Quelques heures plus tôt, Trump avait annoncé suspendre les sanctions contre Damas.
Il y a encore quelques années, tout cela aurait été impensable.
Al-Charaa — longtemps mieux connu sous son nom de guerre Al-Joulani — faisait l’objet d’une prime de 10 millions de dollars en tant qu’ancien dirigeant de l’EI et d’Al-Qaïda, jusqu’à ce qu’il prenne le pouvoir avec l’organisation HTC 1 en Syrie, en décembre 2024.
Cette rencontre à Riyad avait été précédée d’une visite à Paris où le nouvel homme fort de la Syrie avait été reçu par Emmanuel Macron, ainsi que de nombreux entretiens avec le président turc Erdogan et des chefs d’État arabes.
Les anciens djihadistes autour d’Al-Charaa, comme le ministre syrien des Affaires étrangères Asaad al-Shaibani, n’ont pas attendu d’être au pouvoir pour mener une diplomatie active et habile afin de rendre l’organisation HTC respectable et de réintégrer la Syrie dans la communauté internationale après la tyrannie d’Assad.
La prise et l’exercice du pouvoir par Al-Charaa ont eu un effet de « signal » pour les groupes djihadistes à travers le monde.
Asiem el Difraoui
Peut-on faire confiance à la transformation de l’organisation djihadiste qui affirme aujourd’hui s’être autodissoute ? Les nouveaux dirigeants instaureront-ils un État tolérant pour mosaïque ethnique et religieuse, respecteront-ils les droits des femmes syriennes souvent très instruites ?

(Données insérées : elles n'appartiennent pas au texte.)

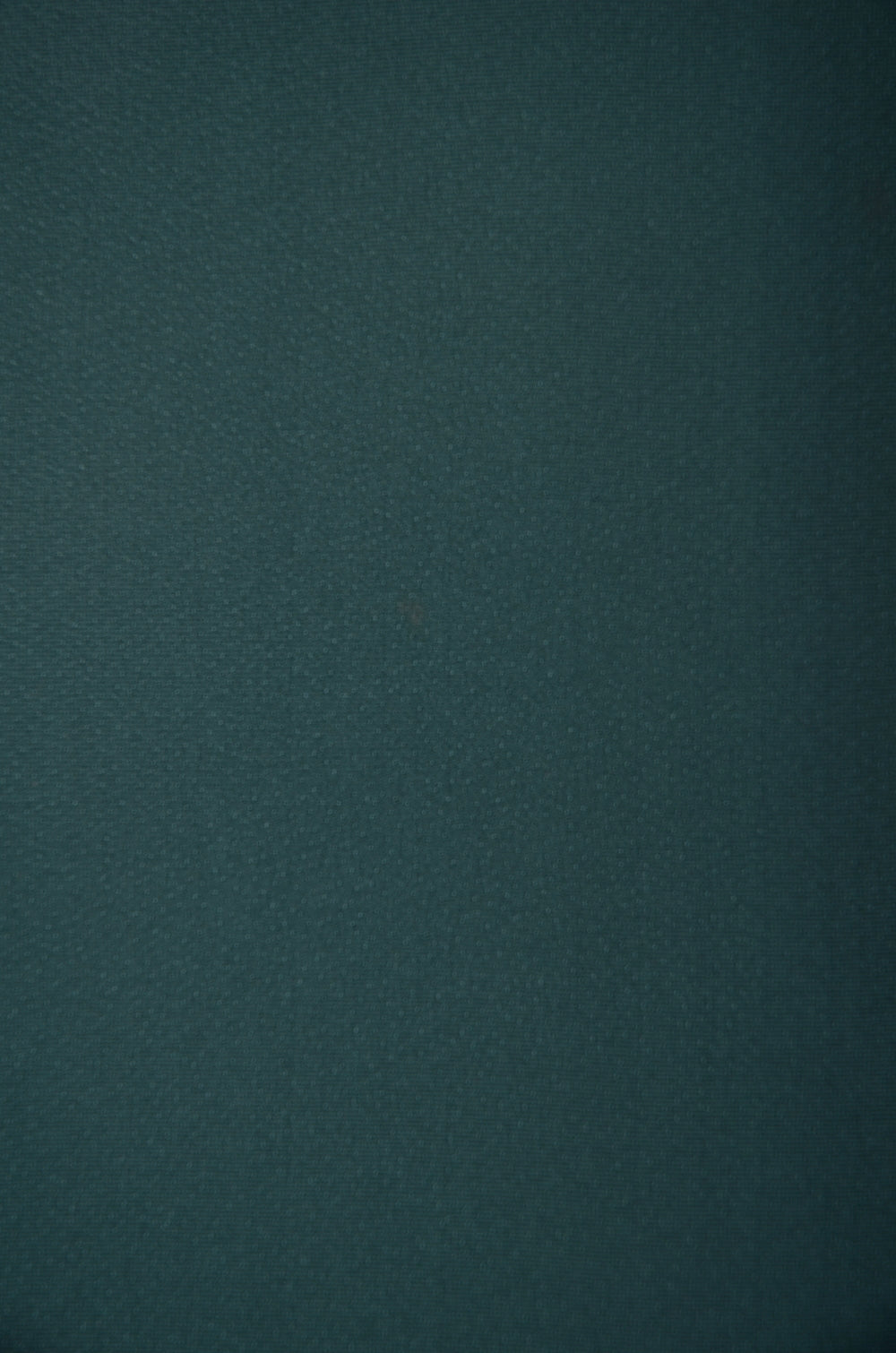 Japanese kimono / SK #1-766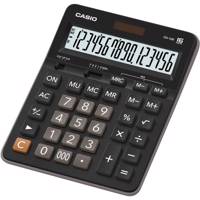 CASIO GX-16B Calculator - ماشین حساب کاسیو مدل GX-16B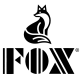 FOX Philippines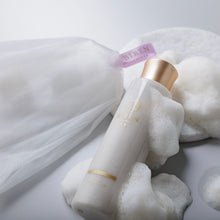 画像をギャラリービューアに読み込む, 美蓮洗顔粉｜BIREN -美蓮-（ビレン）
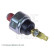 Oil Pressure Switch ADG06604 Blue Print, Thumbnail 4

Beaucoup de spéculations circulent à ce sujet, en particulier en Syrie, où règne une grande incertitude — notamment après les attaques meurtrières contre les Alaouites dans la région côtière en mars dernier. Car ces attaques ont certes impliqué des groupes djihadistes comme Saraya Ansar al-Sunna mais aussi certains éléments de HTC. Les Alaouites, déshumanisés par la terminologie djihadiste de propagande, ont été qualifiés de kuffar (« mécréants ») ou de murtaddun (« apostats de l’islam ») : ces expressions servent, dans l’idéologie djihadiste, à justifier des exécutions. Les attaques contre les Druzes fin avril ont encore accru l’insécurité.
Mais une chose semble assez claire à ce stade : la prise et l’exercice du pouvoir par Al-Charaa ont eu un effet de « signal » pour les groupes djihadistes à travers le monde — probablement plus encore que la chute de Kaboul et l’arrivée au pouvoir des Talibans en Afghanistan.
Le cas syrien est clef non seulement parce qu’il est en train de bousculer la région mais aussi parce que la « jurisprudence » Al-Charaa pourrait faire école. L’exemple de la transformation institutionnelle d’un chef de guerre terroriste internationalement recherché converti en chef d’État respectable pourrait inciter certains djihadistes à une modération pragmatique : il montre que la prise de pouvoir est toujours possible à condition de mener une action politique habile — même après dix ou quinze ans d’attente. À la lumière de la longue patience d’Al-Joulani à Idlib, le proverbe taliban « les Occidentaux ont des montres, nous avons le temps » retrouve toute sa pertinence.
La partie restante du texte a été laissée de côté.